Liquidity and Capital Resources
Management assesses liquidity in terms of our ability to generate cash to fund operating, investing, and financing activities. Management takes prudent approach to ensure the Company's liquidity will continue to be sufficient for its foreseeable working capital needs, contractual obligations, distribution payments and strategic initiatives.
On January 3, 2023, concurrent with the consummation of the Business Combination, the Company entered into a $250.0 million credit facility with a syndicate led by BMO Capital Markets Corp. The facility, which has a term of five years and is comprised of a $150.0 million revolving credit facility and a $100 million term loan facility, was to be used to pay down subsidiary debt, to fund growth initiatives and for working capital. As of December 31, 2023, the Company had $95.0 million outstanding on the Term Loan facility and $93.8 million outstanding on the Revolving Credit Facility. See Note 15 (Debt, net of unamortized deferred financing costs).
As a result of the Business Combination, the previous year figures are not comparable to current year amounts as prior year figures only include the results of operations of Tiedemann Wealth Management Holdings, LLC.
Cash Flows
For the Year Ended December 31, 2023 Compared to the Year Ended December 31, 2022
The following tables and discussion summarize our Consolidated Statement of Cash Flows by activity attributable to AlTi.
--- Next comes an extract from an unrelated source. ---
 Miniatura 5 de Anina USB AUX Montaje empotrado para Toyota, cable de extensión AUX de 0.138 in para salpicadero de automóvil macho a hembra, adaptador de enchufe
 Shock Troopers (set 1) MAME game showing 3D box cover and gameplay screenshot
Negative amounts represent an outflow or use of cash.
For the PeriodFavorable (unfavorable)
(Dollars in Thousands)January 1, 2023 – December 31,
2023 (Successor)
January 1, 2022 – December 31,
2022 (Predecessor)
$ Change
Net cash used in operating activities$(81,706)$6,858 $(88,564)
Net cash used in investing activities$(132,947)$(7,229)(125,718)
Net cash provided by financing activities$36,019 $(345)36,364 
Effect of exchange rate on cash$2,793 $(193)2,986 
Net decrease in cash and cash equivalents$(175,841)$(909)$(174,932)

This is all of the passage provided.